J’ai dit que la Hollande contenait peu de monumens vraiment dignes de ce nom. En effet, vous n’y retrouvez nulle part ce hardi clocher d’Anvers, ces belles tours massives de Bruges et de Bruxelles, ces hôtels-de-ville semés dans les provinces de la Belgique comme les palais d’autant de rois ; vous n’y rencontrez pas de ces magnifiques cités féodales, ombrageant les rues de leurs frontons hauts et crénelés, semblables à des donjons de châteaux-forts. Il semblerait que ces cités de briques soient bâties d’hier pour une exploitation industrielle. Les habitations des riches ressemblent en tout à celles des pauvres, excepté que les premières ont par-devant un perron de dix ou douze degrés, bordé d’une jolie rampe de fer, et conduisant à une petite porte bâtarde ornée d’un bouton de cuivre bien luisant.

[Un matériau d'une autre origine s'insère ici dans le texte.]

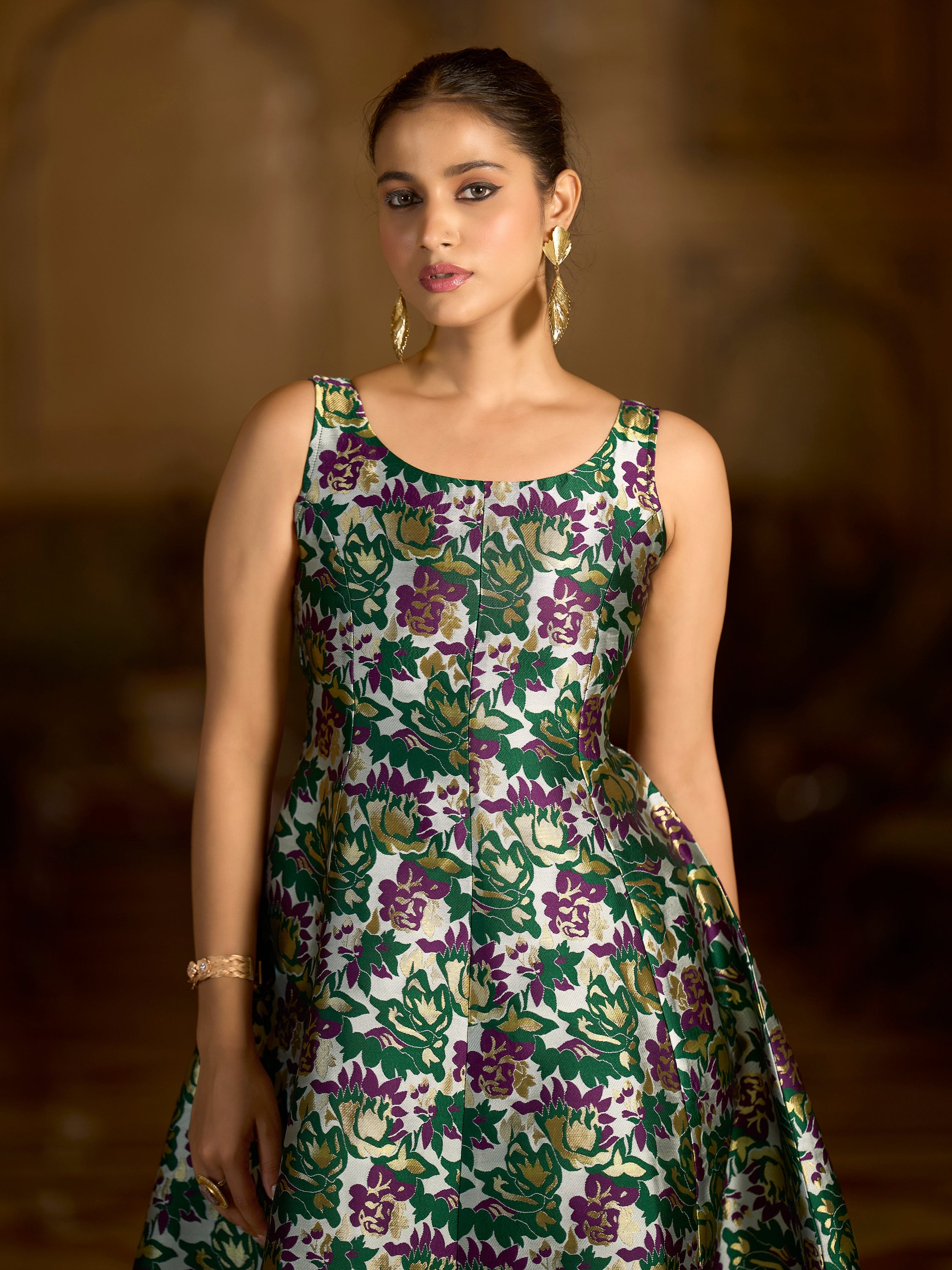 Monjolika Fashion Green Jacquard Woven Floral Fit & Flare Midi Dress | Grocsy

Le Binnen-hof et le Buiten-hof, à La Haye, n’offrent pas d’autre intérêt que leur date et le souvenir de la mort de Barneveld. Quant au palais royal d’Amsterdam, appelé le Dam, il ressemble plutôt à une caserne qu’à un lieu de plaisance. Je préfère à cela le palais où fut assassiné Guillaume Ier. C’est à Delft qu’on voit ce monument, lequel n’est pas dépourvu d’une certaine grace, comparé à ceux qui l’avoisinent. Mais ce que tout voyageur ne doit pas manquer d’aller visiter, c’est la grande église de Bréda.